Para fortificar la autoestima de la gente algunos aplauden el remedio del facilismo. De ese modo, suponen, nadie se sentirá menoscabado ni deteriorado ni criticado. Pero ese remedio sólo conduce a la pérdida de valores, la desidia, la delincuencia y el atraso. Entre nosotros alcanza niveles de pesadilla en el campo de la educación. Los alumnos ya no saben si el mérito consiste en estudiar o en matar a quien estudia. Los maestros hace rato que perdieron ese nombre sublime para ser meros "trabajadores de la educación". Los presupuestos no alcanzan porque está mal visto insistir en la calidad docente, exigir actualizaciones y premiar los méritos.

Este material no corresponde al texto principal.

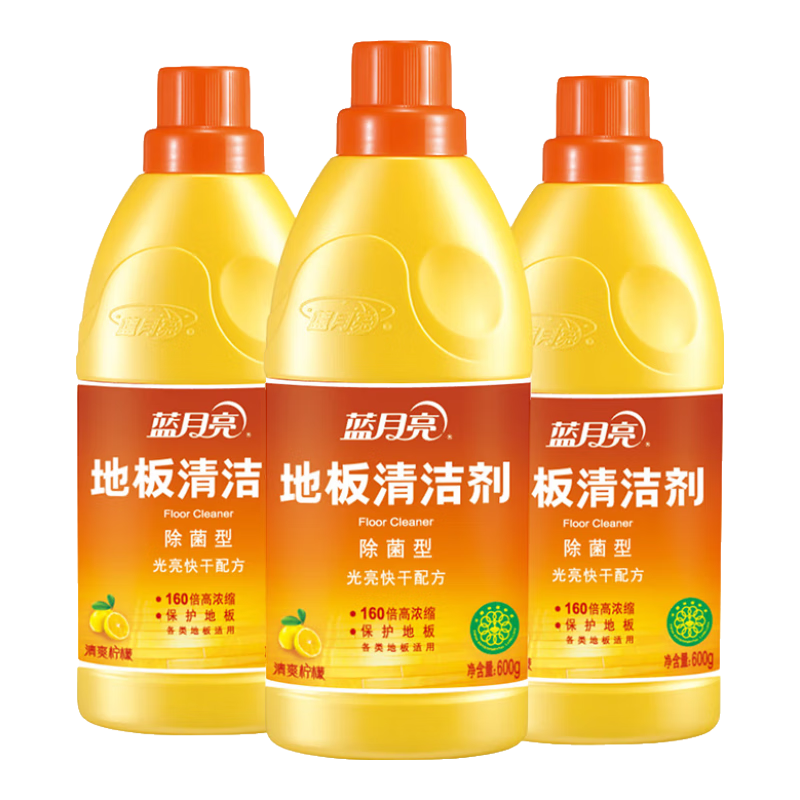 ������ �ذ����� 600g 3ƿ ������ ��שľ�ذ� ���� 20.16Ԫ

Para combatir la pobreza se aumenta sin freno la burocracia improductiva. El ingenio popular inventó una elocuente palabra: "ñoqui". Pero junto a esta malformación social también han crecido los empleados públicos cuya función consiste en apoyar de diversas formas, incluso ilícitas, a quienes gobiernan. El dinero que se gasta en sus sueldos proviene de un sector productivo cada vez más pequeño y asmático. Este remedio terminará por matar las células cancerígenas de la burocracia, pero también las células sanas de la sociedad. En otros términos, vendrá el coma, o la convulsión, o la agonía.

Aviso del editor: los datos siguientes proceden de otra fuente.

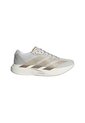 Tenis Running Gris Adidas Adizero Evo Sl Mujer de adidas Performance
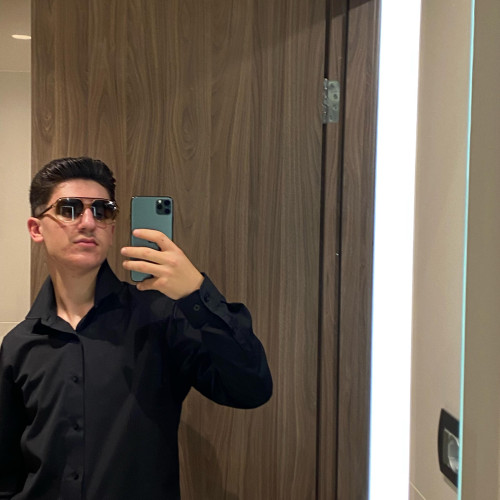 Arlin C. profile photo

Hasta que desaparezca ese hechicero o ese médico que no acepta reducir la sobremedicación. Y entonces el enfermo, gracias a sus propios recursos, empezará a mejorar.
¡Cuánto bien le haría al país que lo dejaran respirar más tranquilo! Que no le repriman la libertad de expresión, que dejen entrar y salir los repuestos que necesitan muchas fábricas, que no sostengan a empresas estatales deficitarias, que no paguen los desfalcos de la Universidad de las Madres, que no intimiden a los jueces, que no impongan códigos que logren la impunidad de los piratas internos. Primum non nocere. Basta de dañar a esta sufrida, engañada y semianestesiada sociedad. Sola sabrá curarse de sus males en cuanto se saquen los remedios que ahora la intoxican.